Imprisoned Nobel Peace Prize Winner Liu Xiaobo Dies at Age 61

The human rights activist spent his final years in Chinese custody

Liu Xiaobo
Norwegian actress and director Liv Ullmann reads from the words of Liu Xiaobo when he was awarded the 2010 Nobel Peace Prize. Xiaobo was imprisoned and unable to accept the award. Marta B. Haga/MFA, Oslo

Liu Xiaobo, the Nobel Peace Prize-winning writer and activist who spent nearly the last decade of his life imprisoned by the Chinese government, has died at age 61, reports Chris Buckley for the New York Times.

Government officials announced late last month that Liu​ had been diagnosed with advanced liver cancer, Buckley writes.

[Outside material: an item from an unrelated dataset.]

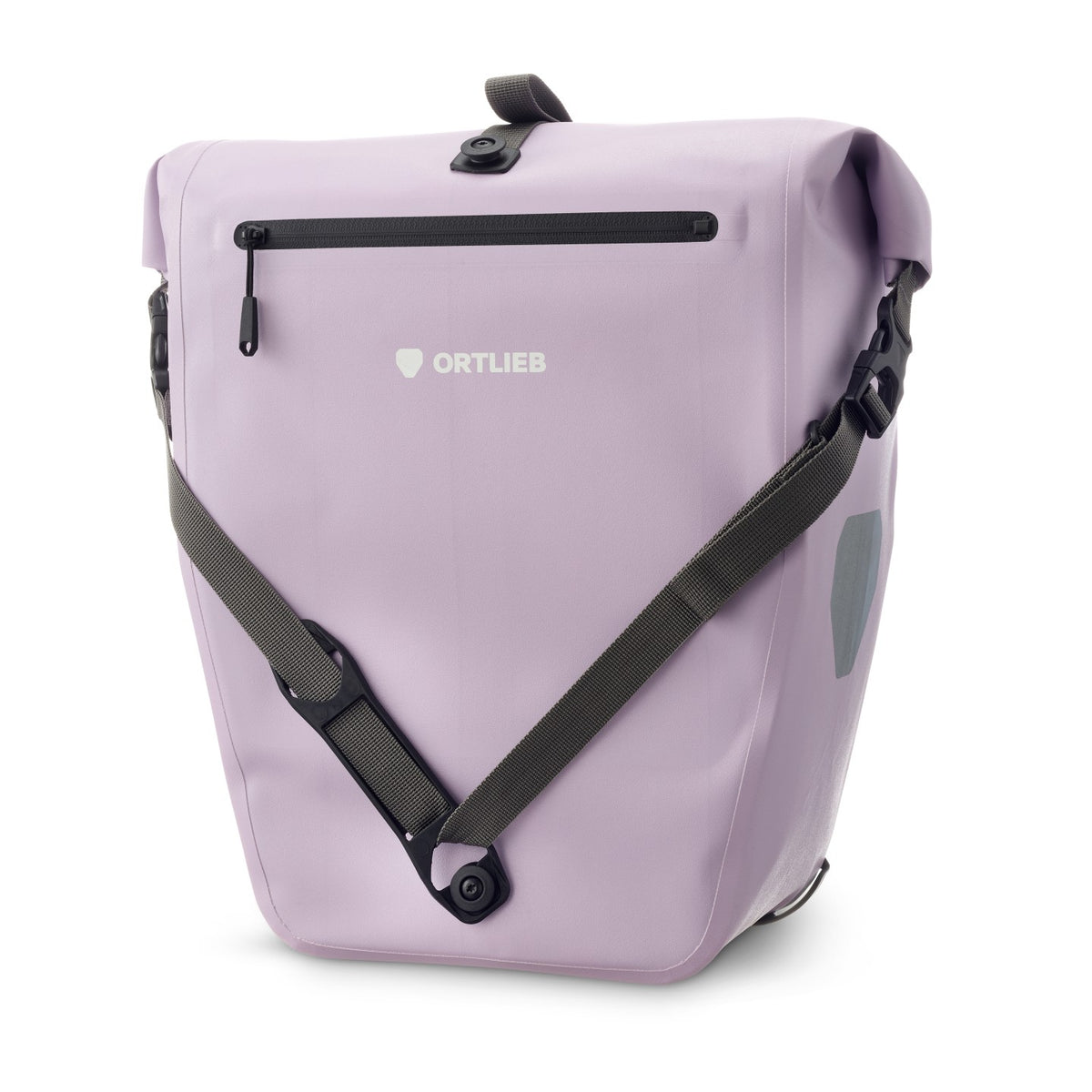 Ortlieb Back-Roller 20L Zip-Pocket TIDURA Lavender front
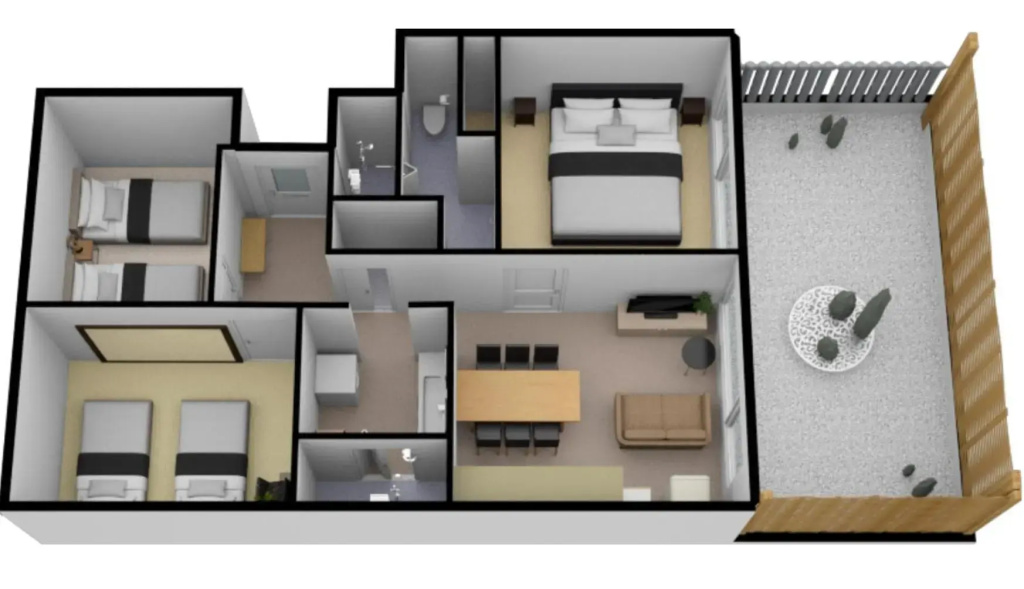 R&Run Kyoto Serviced apartment & Suites - Vacation STAY 93246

Liu​ first came to prominence in 1989 as a leader in the Tiananmen Square protests that rocked Beijing. Then a university lecturer, Liu​ gained the trust of the student protesters through a 72-hour hunger strike. As Chinese troops violently cracked down on the movement, he helped persuade students to leave the square and is credited with saving thousands of lives, reports Harrison Smith for the Washington Post.

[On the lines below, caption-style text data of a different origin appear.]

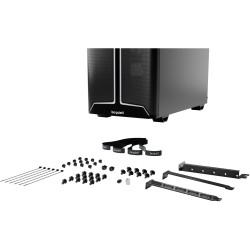 be quiet! Pure Base 501 DX Mid Tower PC Case - Black ATX/mATX/Mini-ITX USB-C 3x140mm (Boxed)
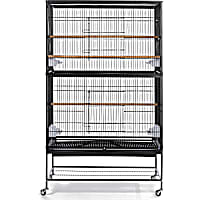 Prevue Pet Products Large Black Flight Bird Cage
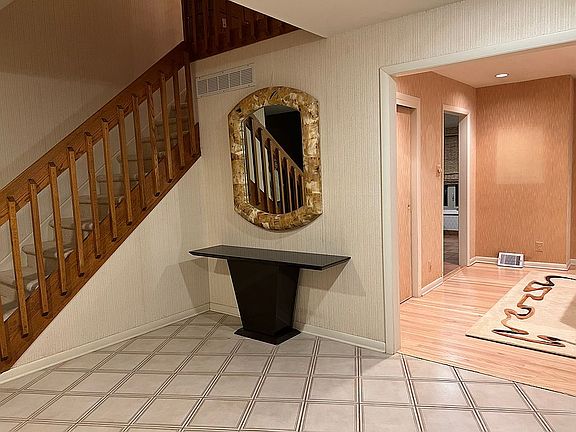Large foyer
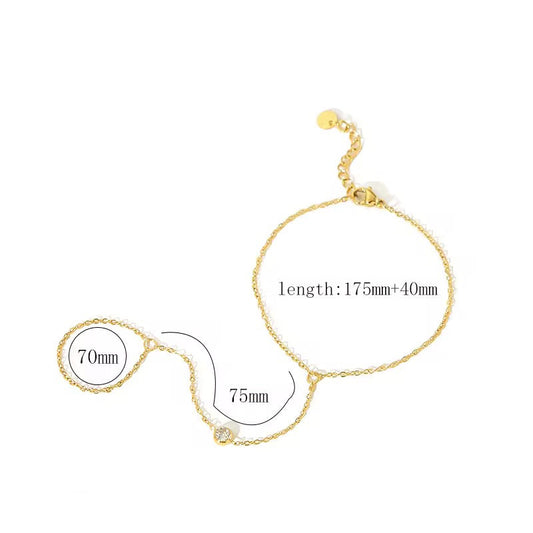 LULU MONO  DIAMOND Bracelet - Waterproof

The Tiananmen Square protests earned Liu​ his first of four jail sentences. He also lost job and had his books of literary criticism banned in China. Nevertheless, Liu​ continued to write, Smith reports, publishing more than 1,000 essays by his own count, calling for political reform in China.

Liu's final arrest came in late 2008 after his heavy involvement in "Charter 08," a manifesto from Chinese intellectuals and activists calling for human rights and democracy in China. Though locked away unable to communicate with the world, Liu soon became a rallying cry worldwide for the human rights movement.

In 2010, Liu was awarded the Nobel Peace Prize "for his long and non-violent struggle for fundamental human rights in China." Because both he and his wife were unable to leave China to accept it, the citation and medal was placed on an empty chair at the Norwegian ceremony.

"The severe punishment imposed on Liu made him more than a central spokesman for human rights," Nobel committee chairman Thorbjørn Jagland said while presenting the award. "Practically overnight, he became the very symbol, both in China and internationally, of the struggle for such rights in China."